Meeting HPC - Getting Started on Nautilus

Nautilus Architecture

Nautilus is an SGI Altix UV1000 system and is the primary resource of the NICS Remote Data Analysis and Visualization Center (RDAV). It has 1024 cores (Intel Nehalem EX processors), 4 terabytes of global shared memory, and 8 GPUs in a single system image. Nautilus currently has a 960 TB GPFS file system, a CPU speed of 2.0 GHz, and a peak performance of 8.2 Teraflops. In addition, Nautilus is fully integrated with the NICS network which includes Kraken, Athena and the High Performance Storage System (HPSS).

Using Software via Modules

All software on Nautilus is managed through the module system. Here are descriptions of the various module commands:

module list - gives listing of currently loaded modules
module avail - shows all modules available on Nautilus
module avail app - shows all modules available whose name matches app*
module load app - sets up environment to use app
module unload app - clears environment of references to app
module swap app1 app2 - unloads app1 and loads app2; usually used to swap versions or compilers
module help app - gives specific usage info about app
module whatis app - gives descriptive one-liner about app

The NICS webpage lists available software on Nautilus with descriptions and notes on usage:

http://www.nics.tennessee.edu/computing-resources/nautilus/software

Running Jobs via PBS

PBS options

Jobs are run on Nautilus through the Portable Batch System (PBS, also called Torque) which includes a job scheduler called Moab. Jobs can be run interactively or submitted to the scheduler as a batch script. When you submit a job (interactive or batch) you must supply PBS options which give the scheduler information about your run. Common options are:

-l ncpus=n - this one is mandatory; requests n cores for your job
-l mem=m - specifies m memory for your job; defaults to 4GB for every core requested
-l walltime=t - specifies time limit t for your job; defaults to 1 hour for interactive or batch jobs
-A account - specifies account to charge for your job

See the NICS website for a complete list and more info on all PBS options:

http://www.nics.tennessee.edu/computing-resources/nautilus/Batch_Scripts

Jobs are submitted using the qsub command as seen in the examples below.

Interactive Job Example

To submit an interactive job, use the -I PBS option. For example:

qsub -I -l ncpus=8,walltime=3:00:00 -A UT-TENN0038

will request an interactive job using 8 cores for 3 hours for account UT-TENN0038. When your job starts, you will be on a compute node on Nautilus with the requested cores available. To end the interactive job, simply type exit.

Batch Script Example

Here's an example PBS batch script to run an mpi program:

#PBS -A UT-TENN0033
#PBS -N mpi_job
#PBS -j oe
#PBS -q analysis
#PBS -l ncpus=512,walltime=10:00:00

cd $PBS_O_WORKDIR
mpiexec ./hwmpi

If this script is called script.pbs, you would submit it with:

qsub script.pbs

This script requests 512 cores and 10 hours of runtime. The additional PBS options specify a name for the job (-N mpi_job), the queue to run in (-q analysis) and the format for job information output (-j oe specifies one output file combining stdout and stderr).

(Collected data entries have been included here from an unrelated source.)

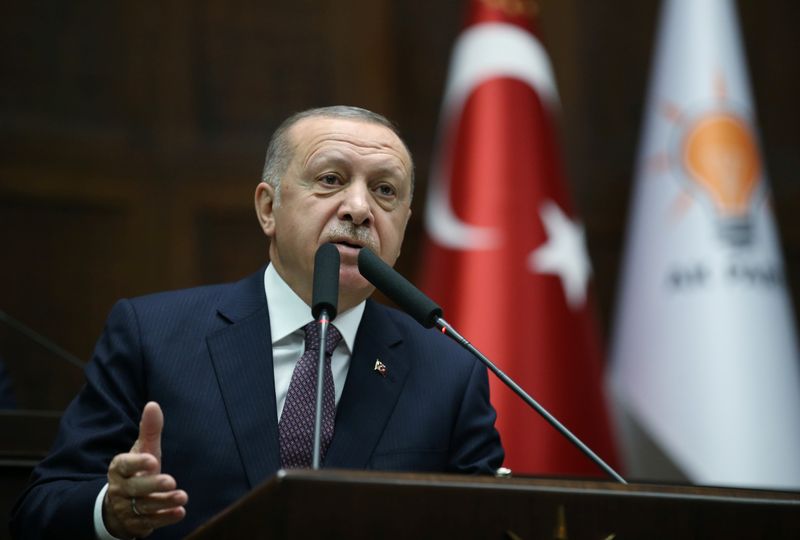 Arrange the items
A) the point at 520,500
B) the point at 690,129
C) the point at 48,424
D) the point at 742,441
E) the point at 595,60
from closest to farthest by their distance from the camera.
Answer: the point at 520,500 → the point at 48,424 → the point at 742,441 → the point at 690,129 → the point at 595,60

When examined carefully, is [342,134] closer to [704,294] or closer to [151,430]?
[151,430]

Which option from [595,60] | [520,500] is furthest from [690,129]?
[520,500]

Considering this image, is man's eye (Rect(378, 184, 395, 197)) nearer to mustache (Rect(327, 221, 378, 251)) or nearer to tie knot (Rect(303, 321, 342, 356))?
mustache (Rect(327, 221, 378, 251))

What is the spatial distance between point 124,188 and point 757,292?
8.30ft

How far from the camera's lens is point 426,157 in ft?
15.3

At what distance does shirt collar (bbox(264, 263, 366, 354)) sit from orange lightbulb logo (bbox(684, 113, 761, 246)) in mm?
2105

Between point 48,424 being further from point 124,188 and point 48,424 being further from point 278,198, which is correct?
point 124,188

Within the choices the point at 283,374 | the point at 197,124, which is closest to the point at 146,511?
the point at 283,374

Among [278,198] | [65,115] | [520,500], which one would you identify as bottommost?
[520,500]

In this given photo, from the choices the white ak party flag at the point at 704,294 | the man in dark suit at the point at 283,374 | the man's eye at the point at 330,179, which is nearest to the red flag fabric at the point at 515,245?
the white ak party flag at the point at 704,294

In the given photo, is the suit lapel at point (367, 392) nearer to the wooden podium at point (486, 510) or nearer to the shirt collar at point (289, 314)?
the shirt collar at point (289, 314)

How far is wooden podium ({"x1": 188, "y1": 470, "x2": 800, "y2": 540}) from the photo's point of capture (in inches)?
50.8

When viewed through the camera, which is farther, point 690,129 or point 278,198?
point 690,129

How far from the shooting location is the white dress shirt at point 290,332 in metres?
2.04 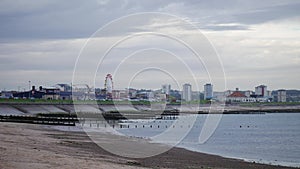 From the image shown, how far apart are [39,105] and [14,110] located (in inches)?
577

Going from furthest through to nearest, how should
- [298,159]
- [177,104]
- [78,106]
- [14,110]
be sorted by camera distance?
[177,104] < [78,106] < [14,110] < [298,159]

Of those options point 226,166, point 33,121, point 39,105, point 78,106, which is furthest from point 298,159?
point 78,106

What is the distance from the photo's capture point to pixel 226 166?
2755 centimetres

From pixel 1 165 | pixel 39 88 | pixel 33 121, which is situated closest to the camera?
pixel 1 165

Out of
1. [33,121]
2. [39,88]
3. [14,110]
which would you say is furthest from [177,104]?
[33,121]

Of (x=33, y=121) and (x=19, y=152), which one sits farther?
(x=33, y=121)

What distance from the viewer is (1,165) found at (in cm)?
1778

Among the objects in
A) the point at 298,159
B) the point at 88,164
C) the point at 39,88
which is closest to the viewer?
the point at 88,164

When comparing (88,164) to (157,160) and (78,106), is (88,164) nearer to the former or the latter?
(157,160)

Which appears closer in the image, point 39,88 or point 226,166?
point 226,166

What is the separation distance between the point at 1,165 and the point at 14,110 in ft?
289

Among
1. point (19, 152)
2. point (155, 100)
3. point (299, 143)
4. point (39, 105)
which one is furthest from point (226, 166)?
point (155, 100)

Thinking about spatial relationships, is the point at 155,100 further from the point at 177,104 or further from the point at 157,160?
the point at 157,160

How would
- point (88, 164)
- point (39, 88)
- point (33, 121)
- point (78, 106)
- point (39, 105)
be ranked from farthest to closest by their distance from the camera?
point (39, 88), point (78, 106), point (39, 105), point (33, 121), point (88, 164) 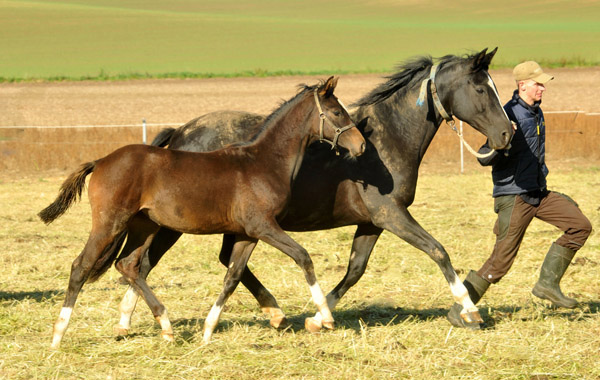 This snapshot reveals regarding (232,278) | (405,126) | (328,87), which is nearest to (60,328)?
(232,278)

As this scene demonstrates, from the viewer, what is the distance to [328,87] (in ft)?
18.3

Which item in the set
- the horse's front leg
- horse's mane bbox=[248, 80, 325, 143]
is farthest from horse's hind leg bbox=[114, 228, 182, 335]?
the horse's front leg

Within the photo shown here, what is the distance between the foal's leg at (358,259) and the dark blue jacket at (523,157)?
109cm

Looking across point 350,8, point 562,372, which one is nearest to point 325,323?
point 562,372

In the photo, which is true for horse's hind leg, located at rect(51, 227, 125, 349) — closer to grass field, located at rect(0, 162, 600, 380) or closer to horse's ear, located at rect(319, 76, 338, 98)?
grass field, located at rect(0, 162, 600, 380)

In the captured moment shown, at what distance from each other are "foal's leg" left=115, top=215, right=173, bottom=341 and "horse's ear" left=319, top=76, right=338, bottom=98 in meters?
1.60

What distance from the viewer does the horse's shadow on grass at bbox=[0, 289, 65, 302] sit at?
272 inches

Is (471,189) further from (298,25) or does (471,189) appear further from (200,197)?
(298,25)

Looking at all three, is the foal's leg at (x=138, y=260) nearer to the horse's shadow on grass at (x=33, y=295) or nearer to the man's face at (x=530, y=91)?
the horse's shadow on grass at (x=33, y=295)

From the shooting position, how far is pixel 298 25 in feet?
196

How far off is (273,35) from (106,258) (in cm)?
4986

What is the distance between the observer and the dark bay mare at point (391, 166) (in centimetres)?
572

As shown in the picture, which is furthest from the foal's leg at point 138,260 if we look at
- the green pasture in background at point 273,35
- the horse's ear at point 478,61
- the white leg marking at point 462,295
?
the green pasture in background at point 273,35

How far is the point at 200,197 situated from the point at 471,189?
9.41 m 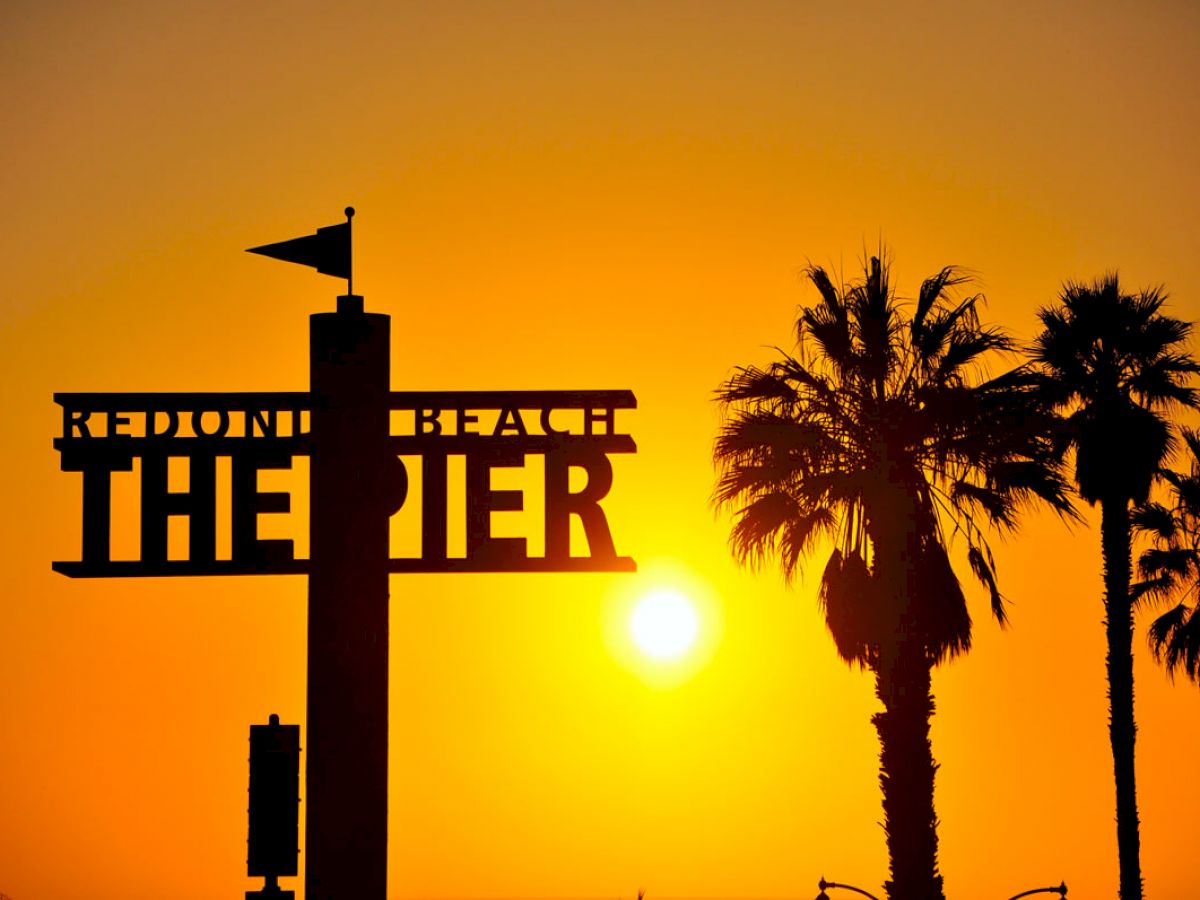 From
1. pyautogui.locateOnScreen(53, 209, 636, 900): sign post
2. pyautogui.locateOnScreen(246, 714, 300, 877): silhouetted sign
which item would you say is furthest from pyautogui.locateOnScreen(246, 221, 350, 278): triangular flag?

$PBS_O_WORKDIR is an environment variable provided by PBS. It is set to the path of the directory from which you executed qsub. Let's say in this case that the hwmpi program is in ~/foo/bar. So from within the ~/foo/bar directory, you issue qsub script.pbs. Now when your job runs on a compute node, it will start in your home directory (~/). So before it can run ./hwmpi successfully, it must cd to the directory ~/foo/bar--this is what cd $PBS_O_WORKDIR accomplishes in the batch script.

Job Monitoring

Two helpful commands for monitoring your job's status are showq and qstat. The qstat command generally gives more detailed information about jobs in the system. You can use the -r option with both of these commands to limit the information to only running jobs.

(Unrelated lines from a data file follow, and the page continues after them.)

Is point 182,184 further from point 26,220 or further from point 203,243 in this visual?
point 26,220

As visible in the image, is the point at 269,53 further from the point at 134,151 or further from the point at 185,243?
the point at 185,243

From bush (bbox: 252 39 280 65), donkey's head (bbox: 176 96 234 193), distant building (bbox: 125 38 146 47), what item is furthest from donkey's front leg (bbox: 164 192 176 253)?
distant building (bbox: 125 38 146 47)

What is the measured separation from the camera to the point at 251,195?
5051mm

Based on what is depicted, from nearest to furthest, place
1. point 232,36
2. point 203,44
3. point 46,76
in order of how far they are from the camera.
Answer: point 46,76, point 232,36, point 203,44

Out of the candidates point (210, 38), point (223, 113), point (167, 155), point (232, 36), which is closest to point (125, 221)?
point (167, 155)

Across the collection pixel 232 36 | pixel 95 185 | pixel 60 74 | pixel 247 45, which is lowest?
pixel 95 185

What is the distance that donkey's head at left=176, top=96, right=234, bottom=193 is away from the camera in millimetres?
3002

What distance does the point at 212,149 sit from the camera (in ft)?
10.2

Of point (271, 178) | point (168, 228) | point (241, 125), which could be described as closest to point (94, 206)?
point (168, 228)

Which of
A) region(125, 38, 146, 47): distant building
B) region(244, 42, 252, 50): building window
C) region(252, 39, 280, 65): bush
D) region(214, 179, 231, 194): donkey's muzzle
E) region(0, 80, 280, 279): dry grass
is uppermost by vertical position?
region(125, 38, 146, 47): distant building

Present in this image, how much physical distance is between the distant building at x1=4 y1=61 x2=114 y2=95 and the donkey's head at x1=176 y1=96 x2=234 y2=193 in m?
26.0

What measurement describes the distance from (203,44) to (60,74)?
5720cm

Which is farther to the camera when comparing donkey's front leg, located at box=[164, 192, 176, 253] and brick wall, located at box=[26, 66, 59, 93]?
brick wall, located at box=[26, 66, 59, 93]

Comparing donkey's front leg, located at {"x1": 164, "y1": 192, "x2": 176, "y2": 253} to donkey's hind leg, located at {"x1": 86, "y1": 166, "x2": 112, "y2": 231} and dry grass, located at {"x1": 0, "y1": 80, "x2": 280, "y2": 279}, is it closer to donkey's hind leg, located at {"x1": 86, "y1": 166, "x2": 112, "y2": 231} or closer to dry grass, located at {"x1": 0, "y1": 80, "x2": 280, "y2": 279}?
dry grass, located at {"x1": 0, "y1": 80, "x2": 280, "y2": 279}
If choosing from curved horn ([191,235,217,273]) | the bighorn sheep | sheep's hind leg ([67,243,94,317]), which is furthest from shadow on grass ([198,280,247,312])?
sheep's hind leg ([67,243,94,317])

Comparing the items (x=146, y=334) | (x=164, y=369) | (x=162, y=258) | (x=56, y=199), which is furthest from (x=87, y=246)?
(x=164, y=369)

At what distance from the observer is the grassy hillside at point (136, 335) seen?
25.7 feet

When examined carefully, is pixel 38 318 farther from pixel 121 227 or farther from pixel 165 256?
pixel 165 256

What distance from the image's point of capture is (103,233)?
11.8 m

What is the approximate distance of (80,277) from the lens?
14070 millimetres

Running Multiple Serial Jobs in Parallel

A Common Situation

Most of the time, code that is run through the batch system in an HPC environment is parallel--either using MPI, OpenMP or pthreads. However, a common situation is when a user needs to run multiple instances of some serial code simultaneously to achieve parallelism. On some systems, the mpiexec or mpirun command can be used to run non-MPI code as a solution to this problem, however on Nautilus, this is not an option. Here's a batch script that would achieve this on Nautilus:

#PBS -A UT-TENN0033
#PBS -N multi_job
#PBS -j oe
#PBS -q analysis
#PBS -l ncpus=512,walltime=10:00:00

cd $PBS_O_WORKDIR
./my_program &
./my_program &
./my_program &
    . . .
./my_program &
wait

Essentially, this script will run my_program 512 times in the background and then wait on all processes to finish. The operating system on Nautilus will take care of actually distributing the processess over the 512 cores allocated.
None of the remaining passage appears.